* **Your task**:
What you return should match the data below exactly, with no pictures in it.

* **Dataset extract**:
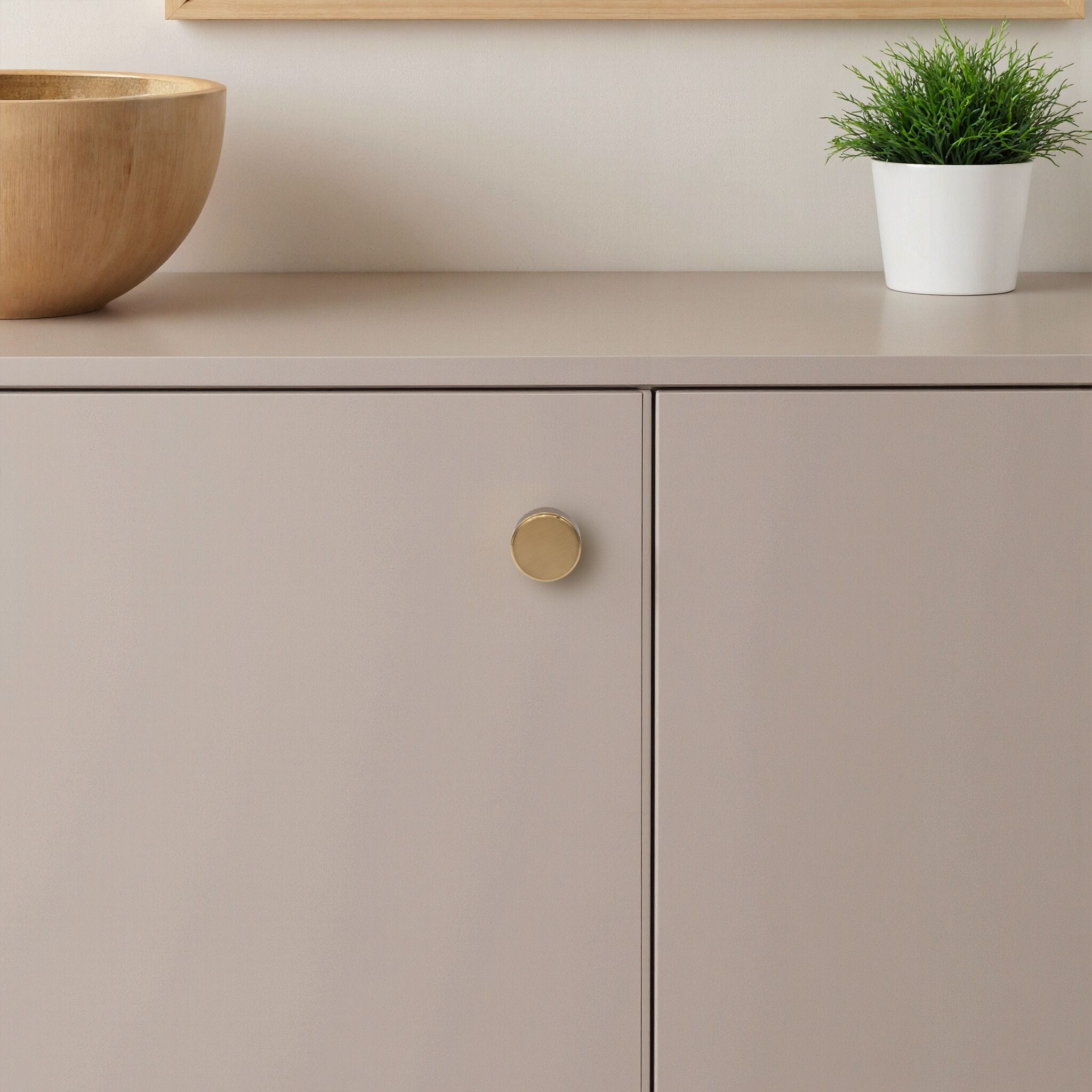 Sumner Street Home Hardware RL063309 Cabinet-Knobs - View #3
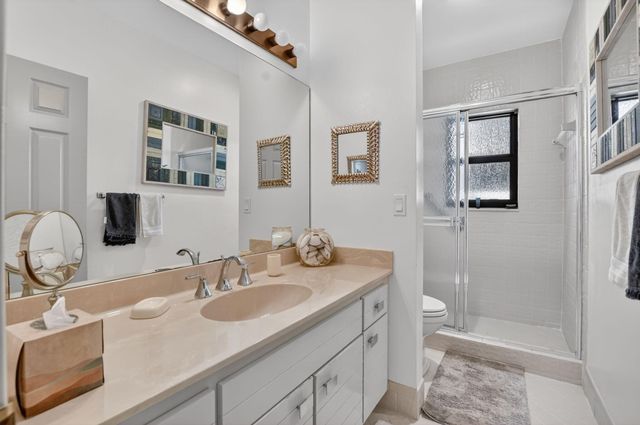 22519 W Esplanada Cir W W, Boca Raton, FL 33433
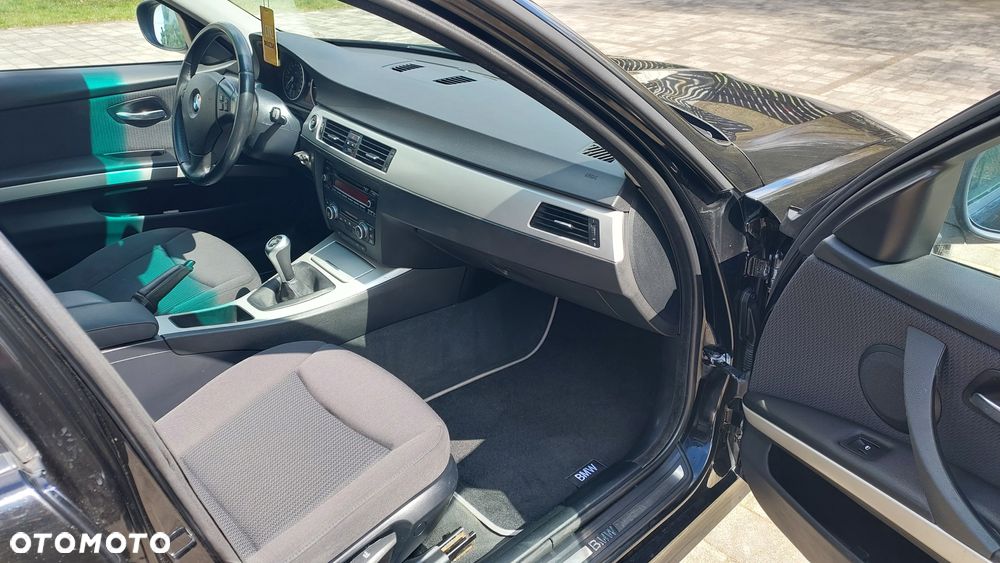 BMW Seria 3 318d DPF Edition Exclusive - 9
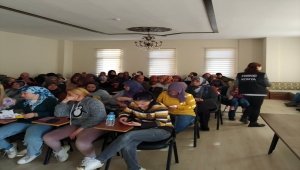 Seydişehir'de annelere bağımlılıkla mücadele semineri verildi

* **Output below**:
 Sumner Street Home Hardware RL063309 Cabinet-Knobs - View #3
 22519 W Esplanada Cir W W, Boca Raton, FL 33433
 BMW Seria 3 318d DPF Edition Exclusive - 9
 Seydişehir'de annelere bağımlılıkla mücadele semineri verildi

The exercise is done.